On 13 November she shared a raw accounting of her experience to an audience in Washington D.C. as part of the launch of our report Unjust Transitions: Climate Migration, Heat Stress, and Labour Exploitation in the United Arab Emirates. Carried out by Equdiem’s migrant worker-researchers and based on interviews and discussions with nearly 250 migrant workers in the UAE, the report revealed that workers at the heart of the UAE’s renewable and gig sectors, and at the site that will host the UN Climate Change Conference (COP28) have left homes in Africa and Asia because of climate change only to be subjected to physical abuse, heat stress, exploitation and discrimination.

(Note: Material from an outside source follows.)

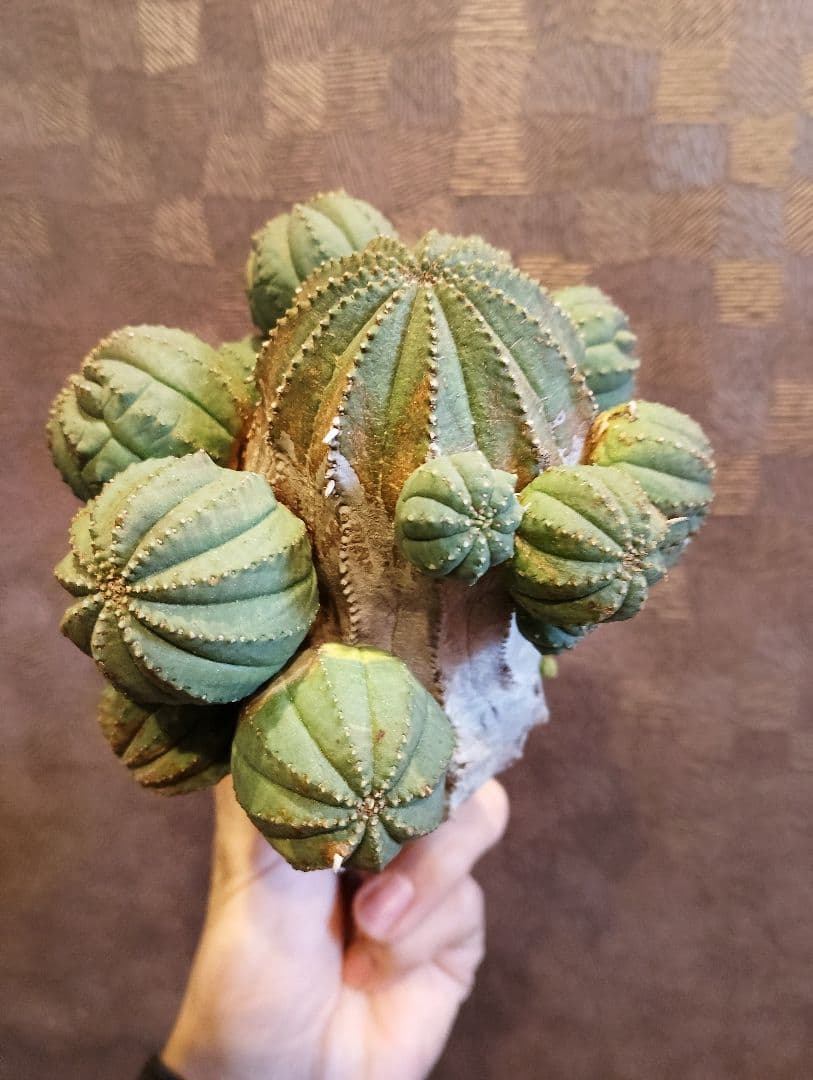 特選 特大 木質化 ユーフォルビア オールド オベサ 斑入り 子株付き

One of Equidem’s most vital mandates is to raise the voices of workers like Cynthia’s and empower her to share her reality with distant decision-makers, people who set policy but are far removed from the Global Majority. What makes Equidem unique is that it gives ordinary people like Cynthia who have shown extraordinary courage in the face of intolerable abuse a chance to speak truth to power. We put those directly impacted at the very centre of the debate ensuring genuine representation.

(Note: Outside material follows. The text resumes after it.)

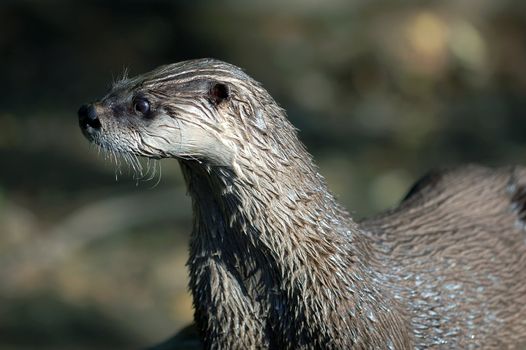 Close-up portrait of a wet Northern River Otter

Our work goes much further than that, though. We’ve been busy speaking to the media, governments, business and others worldwide about the critical need to ensure the global effort to combat climate change works for the people most affected by it.

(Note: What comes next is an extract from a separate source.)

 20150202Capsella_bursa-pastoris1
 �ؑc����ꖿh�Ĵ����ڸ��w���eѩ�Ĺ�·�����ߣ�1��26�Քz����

On International Migrants Day, we are honored to elevate her words.
A complete transcript is below, in addition to the video clip above.
Hello, my name is Cynthia Nyaboke.
I am 25 years old and until last year I was a migrant worker in the United Arab Emirates.
I come from Murang’a County whose main economic activity is agriculture and accounts for over 60 percent of employment in my locality. Our main farming system is cash crops farming, livestock keeping and fish rearing in both large scale and small scale.
I went to Dubai for work because due to declining yields in our small farm, my parents could not afford to provide for us adequately. This was because of soil degradation because of repeat farming and natural calamities like floods which caused soil erosion, thus making the land more unproductive.
My parents provided the recruitment fee, equivalent to $800 for my process of travelling to Dubai and they had so much high expectations from me to change our economic situation in the family. However when I reached Dubai I found a totally different environment: from working for very long hours, substandard food and working under very humid conditions.
The salary was a small 1200 Dirhams per month, around $300, with a shift of 10 hours per day for six days a week.
I used to have a recurring headache everytime and the worst of it all was that when you are given a sick off it was deducted from your wages which is against existing labour laws.
In summary, having a people centred approach ensures inclusion, representation and protection of the victims like us migrant workers.
I would like to urge delegates and key players at the COP28 summit to remember workers from Africa who have contributed least to emissions are suffering unjustly and unfairly yet we turn out to be the most vulnerable.